What It Takes To Make Money In a $4.75 Billion Market
Halloween is one of the most popular celebrations in the US. A poll of 8,526 consumers, conducted between 1 – 9 September 2009 revealed an estimation of $4.57 billion total spending on Halloween 2009, most part of it being represented by Halloween costumes (source: CNBC.com). This is quite a big pie, isn’t it? I don’t know how much of this came from online sales, but I know that it was easy to grab a little slice of the pie without too much trouble, as you’ll see:
Last year, we made $840 + $170 (merchant bonus), so a bit more than $1000, in which we invested about 40 hours of work.
Halloween 2009 Network Setup:
- Sites from last year: 4, on which we spent about 4 hours to adjust the old posts and add new costumes
- New blogger blogs: 6, which took about 3 hours to set up and fill with posts made with the ShareASale’s “make-a-page” feature (which allows filtering the costumes by keywords, so you can easily make sub-niche blogs such as “costumes for kids”, “witch costumes”, “baby costumes”, “couples costumes” etc)

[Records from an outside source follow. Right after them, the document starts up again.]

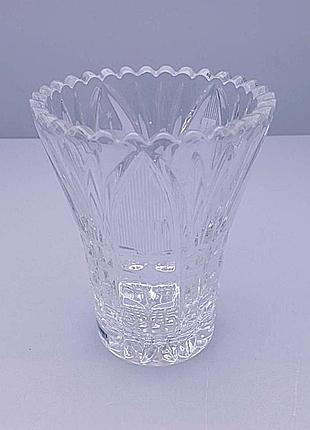 Ваза б/у ваза хрустальная 15-20 см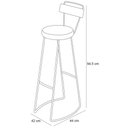 Ver imagem 5 de Kit 02 Banquetas Alta Cozinha Sala de Jantar Bar Lia D01 Peroba Rosa - Inoviza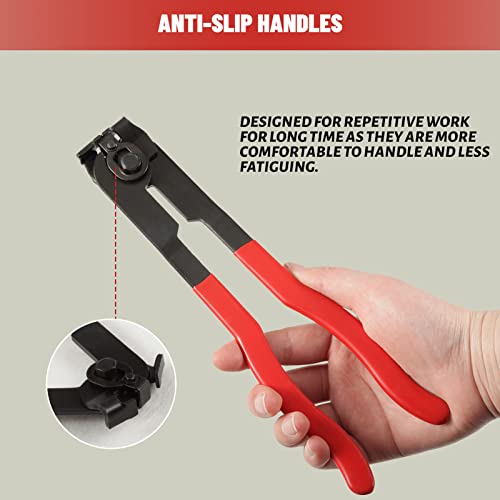 SPEEDWOX 31PCS CV Joint Boot Clamp Pliers with Stainless Steel Band Clamps Locking Metal Cable Zip Ties Kit CV Boot Clamp Tool for Most Cars Car Banding Tools Kit Set Auto Repair Tool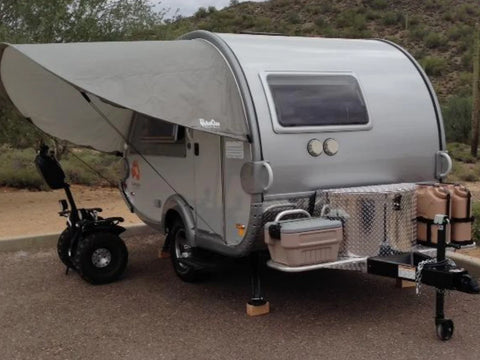 NuCamp T@B 360 Silver/Silver Trailer Visor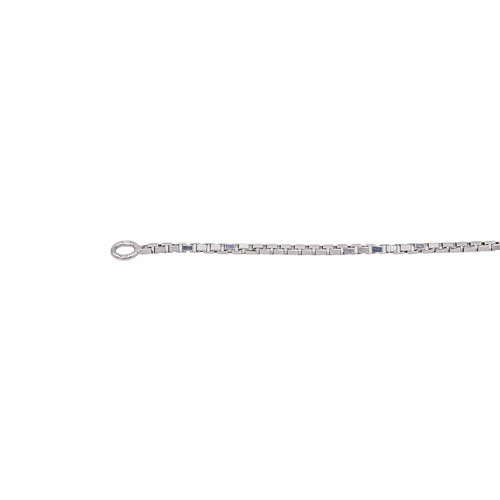 Collier Collier Maille venitienne Or blanc 58 Facettes 3884962CN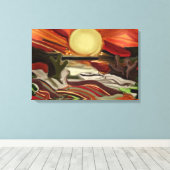 Abstrakte Kunst im Südwesten Leinwanddruck (Insitu (Holzboden))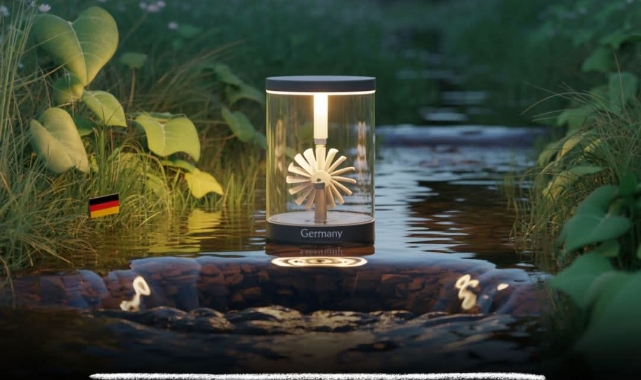 Almanya’dan Çığır Açan Buluş: Su Akışıyla Sonsuz Işık Yayan “HydroGlow” Lambalar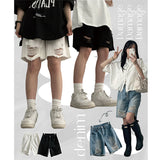 Bei Damage Half-Length Pants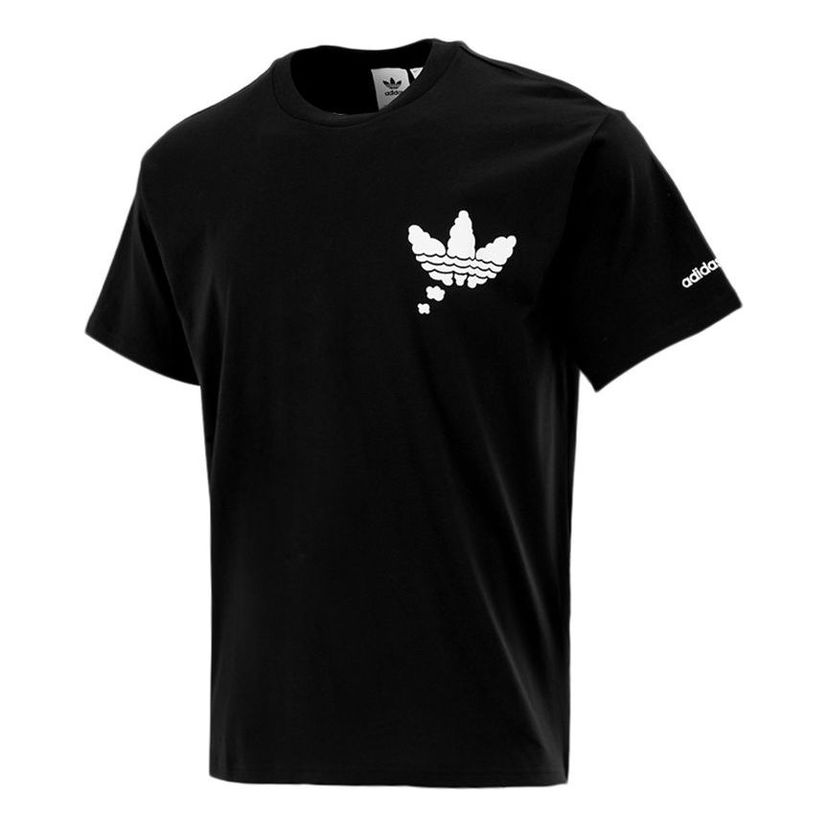 Тениска adidas Originals Clouds Logo Graphic T-Shirt Черно | H16233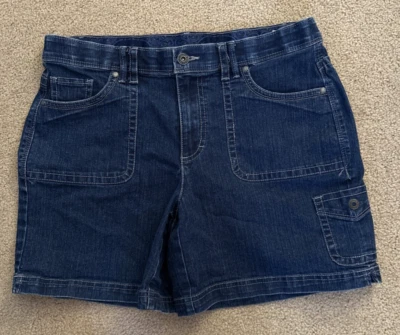 Pantalones Cortos Carga Gloria Vanderbilt Para Mujer 6 Vaqueros Elastizados 6" Entrepierna Foto 1 de 4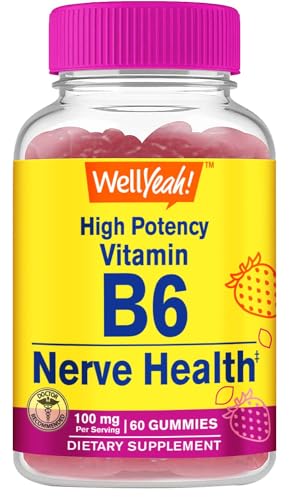 Frasco WellYeah gummies vitamina B6 alta potencia 60 unidades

- New Halloween costumes affiliate store: 1, made on a professional Halloween Joomla template offered by JoomlaBear – for those of you who want to use it, you can download it for free by following the previous link. This site took one hour to make, $8 to buy the domain name plus $55 spent on a feed importing plugin for Joomla
So, there were 11 sites, 8 hours initial time investment, plus about two hours spent on setting sidebar links from all other 10 sites to the new affiliate store and on submitting it to a few social networking places.
How Much Traffic the Sites Got
Out of the six Blogger blogs, only one really took off – the graph above shows its traffic evolution. This blog brought in 9 sales, accounting for $107, while serving as support site for the real money maker in this project.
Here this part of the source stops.